Well for a start, general relativity is one of the most amazing theories in physics today. Since its publication in 1915 many researchers around the world have built upon it and tested it to ever greater detail and precision. The shadow in the centre of the black hole is the latest, and arguably, simplest test.
General relativity predicts that black holes exist when the density of an object becomes so high that not even light can escape it. The shadow we see is the event horizon, in some ways it is an edge of the Universe, it is a one-way door, anything crossing it cannot return.
It is strange to think that we have studied black holes for decades, and even in 2015 detected the gravitational waves released by two merging black holes but we have never seen this edge before. And now we have. It’s an old saying but, “seeing is believing”.
It should also be noted that this result is the work of a huge number of people building up to our current understanding of these objects.
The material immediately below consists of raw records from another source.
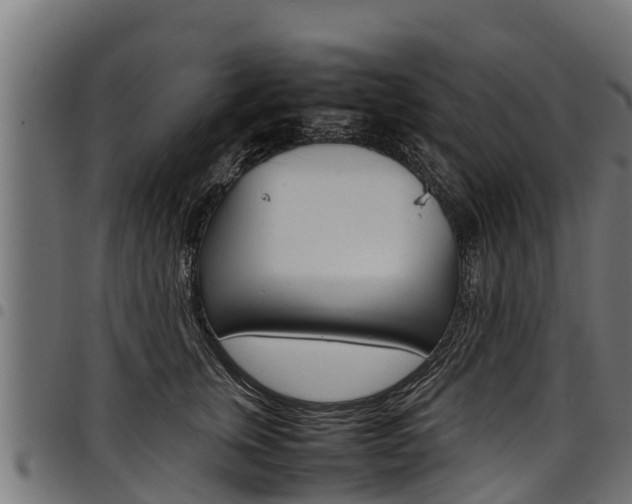 X0000098020759200803280753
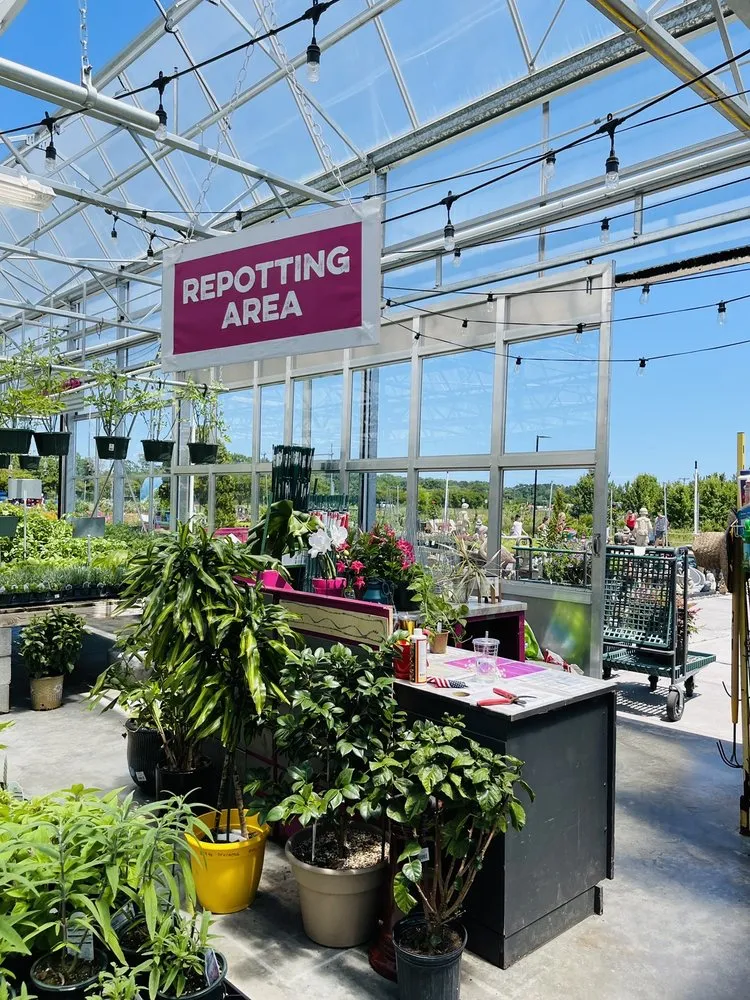 Reliable lawn mowing service experts serving Virginia Beach, VA - Anderson's - Virginia Beach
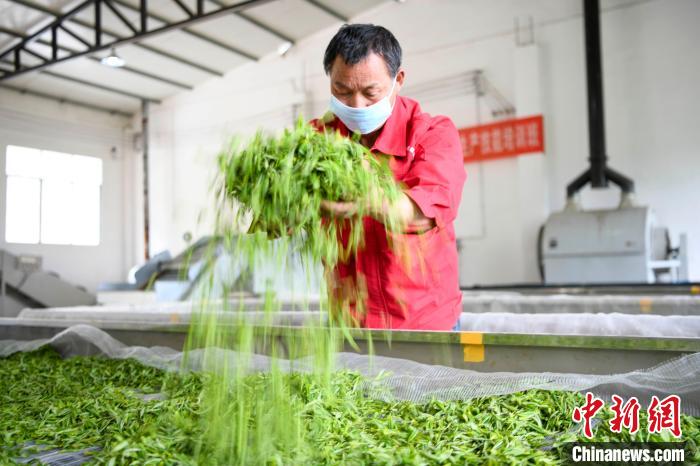 村民將茶葉攤青晾干。　楊華峰 攝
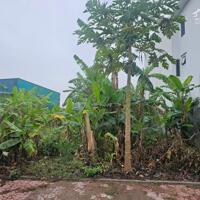 Cần bán đất khu phía Tây cầu Phú Lương, Phường Nhị Châu, TP Hải Dương.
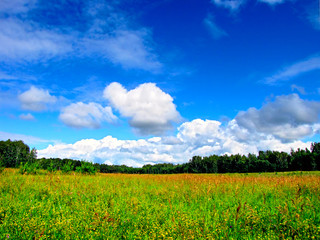 Obraz premium krajobraz z zielonymi polami i lasem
While Albert Einstein created General Relativity, it was Karl Schwarzschild who used it to mathematically describe the most basic type of non-rotating black hole.
However, this black hole in M87 is a rotating black hole, the mathematical description of which is fiendishly complex. It was New Zealander Roy Kerr who created the Kerr metric, the severely warped spacetime around such a black hole.
And then what might these black holes look like? These initial calculations were made by researcher Jean-Pierre Luminet some 40 years ago. They bear a strong resemblance to the images we saw today.
At the same time, the technical feat of combining data from eight different telescopes around the world to synthesise a single image is extraordinarily difficult. It required a huge team of over 200 people from 20 different countries to come together, work together and form the Event Horizon Telescope.
But it’s funny to think, out of all these large number of people, over so many years it still came down to a single person pushing “run” on their code to combine the data. While there were several teams who made versions of the images, the most widely publicised has been Assistant Professor Katie Bouman who made the first images.
For me, it’s the human story of so much effort, over so many years to make a simple test to look at a black hole for the first time that is so amazing. However, the scale of this black hole is almost as exciting – and it is because it’s such a monster that we are able to see it.
It is 6.5 billion times the mass of our Sun, it is 100 billion kilometres wide, almost the same distance as Voyager has travelled and it is 53 million light-years away at the core of a galaxy called M87.
Of course, now we have many more questions that we could ask… and that is also what is exciting – where this new observation and technique will lead next.